Print every line below exactly. Skip the pictures.

Source material
== Segment start ==

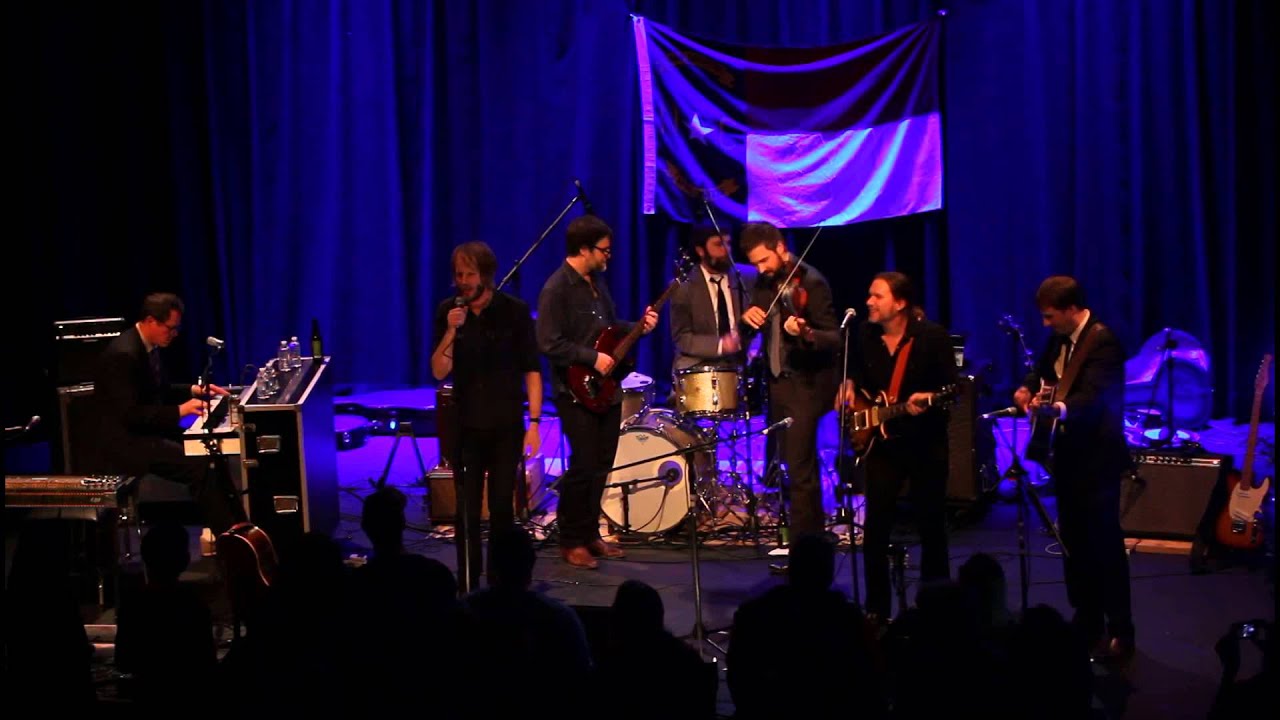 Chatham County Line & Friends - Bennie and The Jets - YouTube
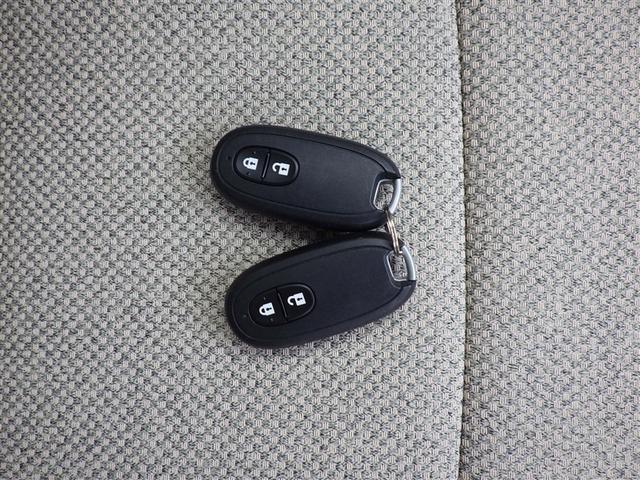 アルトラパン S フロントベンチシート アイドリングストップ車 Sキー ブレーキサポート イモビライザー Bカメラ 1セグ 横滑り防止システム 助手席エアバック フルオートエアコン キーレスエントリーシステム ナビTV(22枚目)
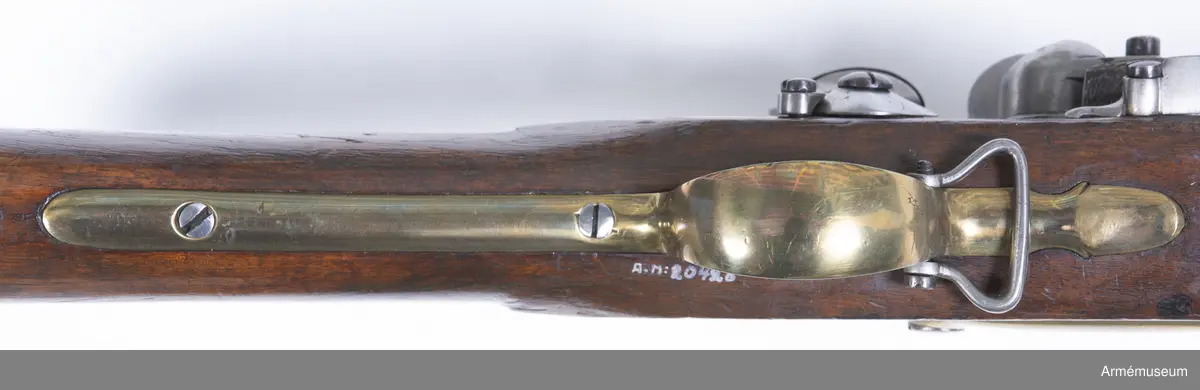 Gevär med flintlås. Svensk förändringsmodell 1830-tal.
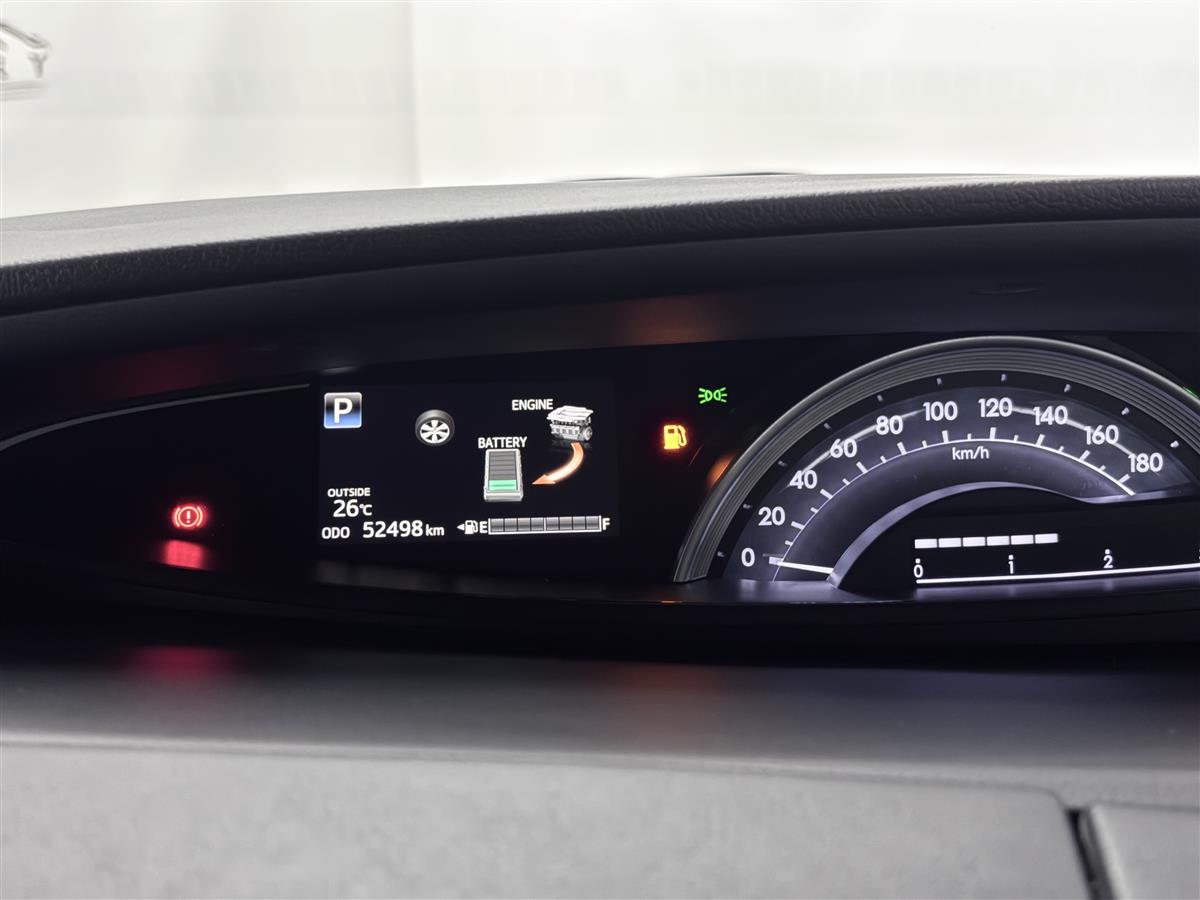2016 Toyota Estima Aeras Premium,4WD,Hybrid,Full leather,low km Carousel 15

== Segment end ==

Written response
 Chatham County Line & Friends - Bennie and The Jets - YouTube
 アルトラパン S フロントベンチシート アイドリングストップ車 Sキー ブレーキサポート イモビライザー Bカメラ 1セグ 横滑り防止システム 助手席エアバック フルオートエアコン キーレスエントリーシステム ナビTV(22枚目)
 Gevär med flintlås. Svensk förändringsmodell 1830-tal.
2016 Toyota Estima Aeras Premium,4WD,Hybrid,Full leather,low km Carousel 15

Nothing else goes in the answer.